March will be a very big month including a 24  mile run in less than 2 weeks and then a 20 mile run up in Boston with Team in Training!! Stay tuned for updates!

One Step Closer!

My Journey to Boston has officially been in progress for 14 1/2 months now, not counting the months, even years, of training leading up to my qualifying run on Nov. 23, 2014. It’s been a crazy ride! As of yesterday, I am one very exciting step closer to crossing that finish line in Boston. Let me explain with a timeline of events:

  1. Nov. 23, 2014Philadelphia Marathon – BQ finish of 3:43:09. Qualifying time for a women 40 and over (at the time of running Boston) is 3:45:00. *My time qualified me for Boston 2016 because registration for Boston 2015 had already occurred in Sept. and was closed. A person has to qualify for Boston within 18 months of the race they’ll apply for, so the Philadelphia Marathon fits just outside of qualifying for the following year (because it’s after the registration) and fits just inside qualifying for the year after that (because it’s within the 18 month window).
  2. Nov. 24, 2014 – Sept. 30, 2015 – Ten months of bliss, dreaming of April 18, 2016.
  3. Sept. 21, 2015Applied for Boston 2016. *Heard rumors in the running world that the cut-off time (which had been at around 1 minute under qualifying time and at it’s highest, 1 1/2 minutes under qualifying time) would be higher this year. Spent 9 days worried about the mere 20 second cushion I had between the previously record high cut-off time under qualifying time and my actual Philly race time. Would it be enough? For the first time in nearly a year, I worried about if my dreams would come crashing down. I didn’t sleep. I just read and crunched numbers. And worried.
  4. Sept. 30, 2015 Got the news I’d been worried about hearing for the past 9 days. “Regrettably, we are unable to accept your application due to field size limitations and the large number of applications we received from those runners who met the qualifying standards that we have established for the race… Entries from applicants in your age group were accepted through and including the time 3:42:32.” I spent that day frozen in ugly cry face.

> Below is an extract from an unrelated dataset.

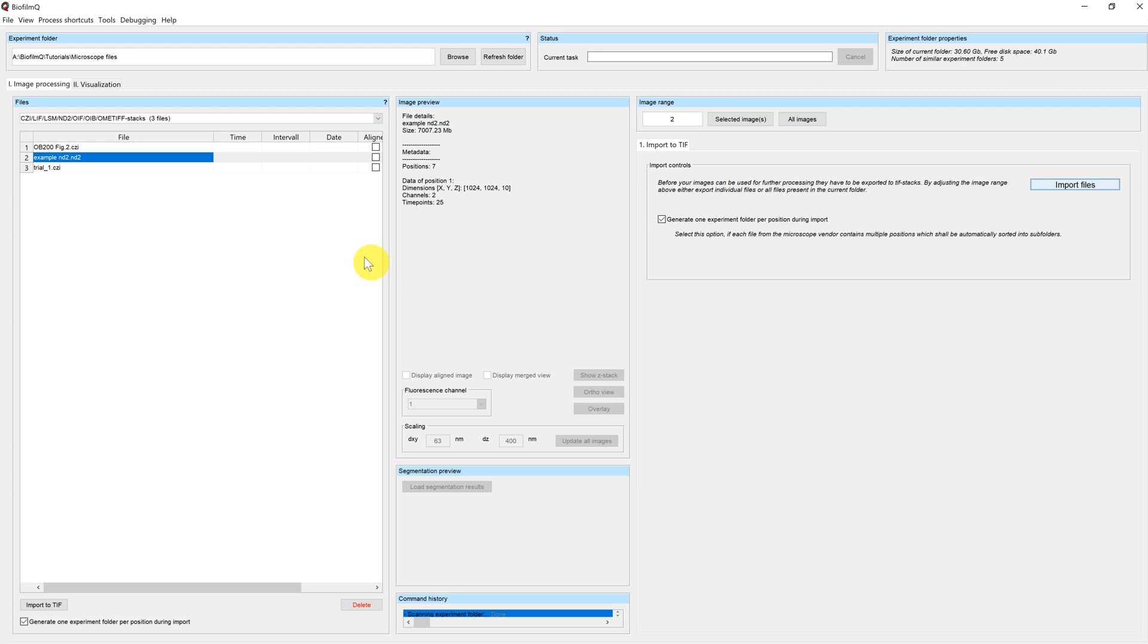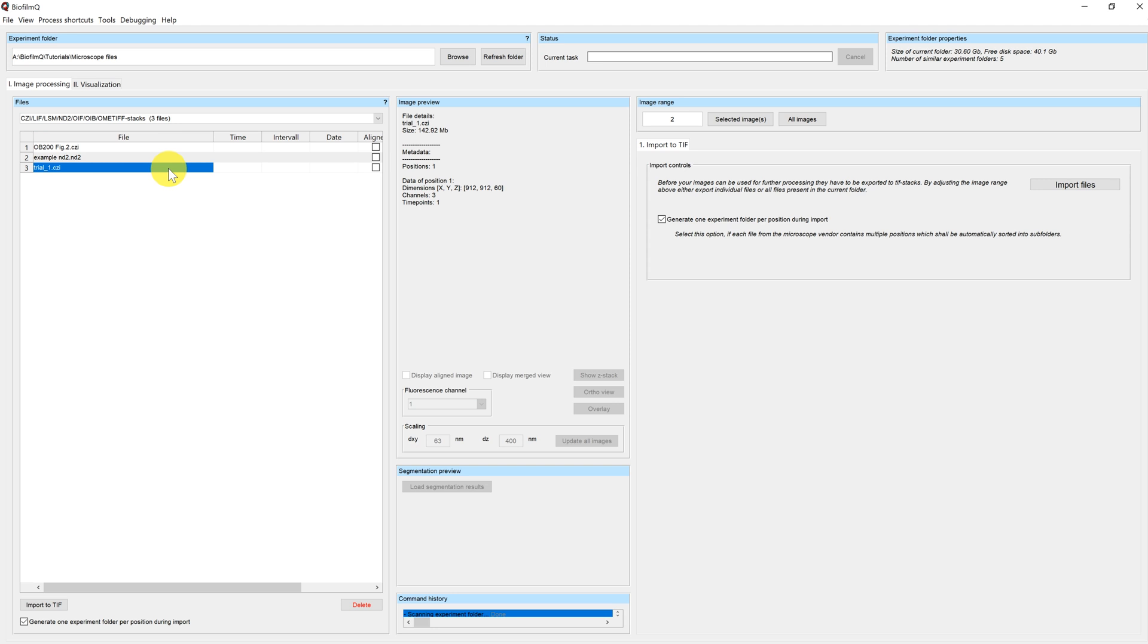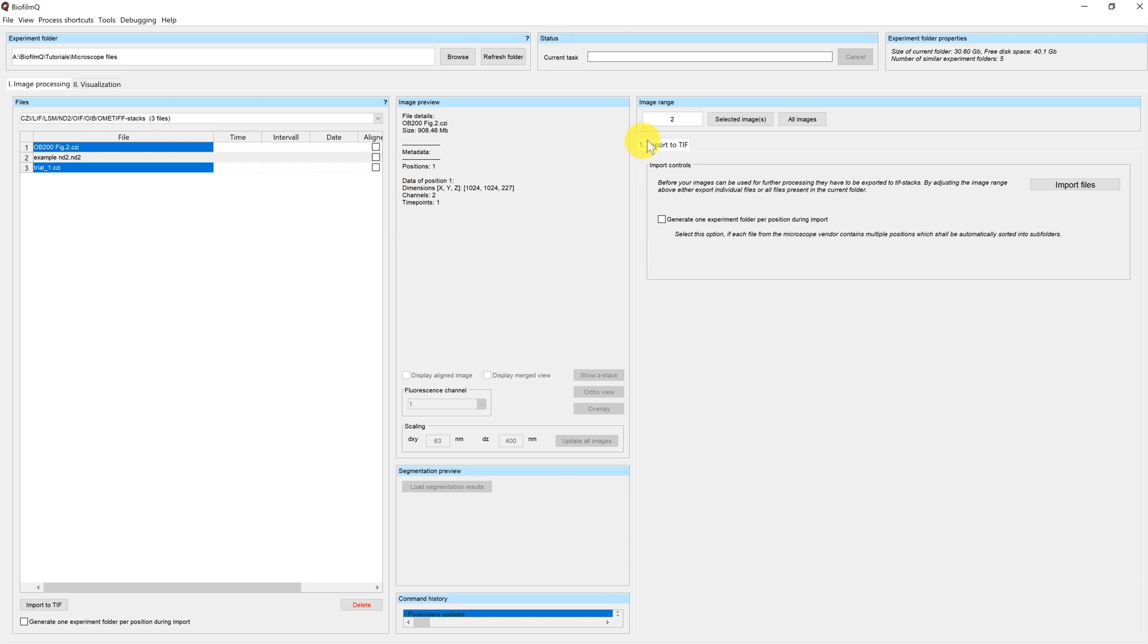So now we want to import the other two files. You can see that both of them only have one position. So we'll uncheck this checkbox because we don't need additional folders. And we will select them both.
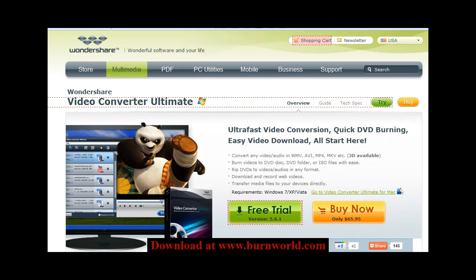Hi everyone, it's Rob from burnworld.com again, and today I'm going to show another software from Wondershare, and this one's called Video Converter Ultimate. This is one of their newer softwares that they came out with, and so far I'm really impressed with it.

Ten months of dreaming about an accomplished goal coming to fruition ended with one email, because of 37 seconds. What now?
  5. Oct. 5, 2015 – After a few days of disappointment, thinking, and praying, I decided to turn this devastating news into something good and apply for The Leukemia & Lymphoma Society’s Team in Training. Hundreds of applications poured in for 85 spots. It was a long shot given the amazing stories of survivors and also given that I’m an out-of-state applicant. I prepared myself for more disappointment.
  6. Oct. 22, 2015 – Seventeen very long days after submitting my Team in Training Application I got a call that made me cry once again! “Alyssa, we’d like to offer you a spot with Team in Training for the Boston Marathon.”
  7. Oct. 30, 2015 – I announced my big, exciting news on Facebook and spent the next four weeks in shock and awe as so many wonderful people rallied around to support the team. We raised over $10,000 in just 4 weeks time!!
  8. Feb. 5, 2016 – Fast-forward a couple months, along with a couple thousand more dollars raised to Feb. 5th, which was the deadline I was given for having the minimum required amount of $5,000 in my LLS account, or I would have had to pay the balance myself. This is also the date that I had to fill out and turn in a “Recommitment” form stating that I had raised the minimum amount or was willing to pay and also that I believed I would be able to continue to train for and run/finish the Boston Marathon. I signed this immediately!
  9. Feb. 9, 2015 – That brings us to the final step in the process (outside of the rest of my training miles and actually running the marathon of course)… Applying for Boston (again) via my TnT invitation and waiting for that acceptance email. Getting my email invite yesterday from Team in Training to apply was bittersweet. It certainly brought back bad memories of my first go-round just a few months ago, but it also reminded me of where we’ve come and how God knew a better way all along! So, yesterday, I filled out my application and waited. Thankfully, I only had to wait for a couple short hours before I got the email I knew would come… my official acceptance from B.A.A. (Boston Athletic Association) as a runner into the 2016 Boston Marathon!!!Boston Acceptance
  10. April 18, 2016 – The final step will be here before we know it! I plan to enjoy the training (as much as possible) in anticipation of that great day, knowing that a dream will be fulfilled for me, but more importantly, that we will have collaboratively made a difference in the lives of many patients and families who have unfortunately been impacted by cancer. My team has reached 93% of goal with $621,079 raised as of today!!!Team Goal Countdown


World Cancer Day Challenge!

Today, Feb. 4th, is World Cancer Day! In support of my campaign with The Leukemia & Lymphoma Society’s Boston Team in Training, I’m putting a CHALLENGE out to you today! Who’s in?! I’m asking everyone who hasn’t had the chance to donate yet, to make today the day! I’m also asking every single one of my Facebook friends to donate $1 today to my team. Do it in honor or memory of those in your life that have or are fighting this ugly disease! For anyone who donates as little as $1 today to my team in honor of the global fight against cancer, you’ll be entered into a raffle prize to win an Amazon gift card. Along with a $1 donation, I’m asking you to make a difference in someone’s life who has been affected by cancer. Show love. Send a card. Make a meal. Run an errand. Be a friend.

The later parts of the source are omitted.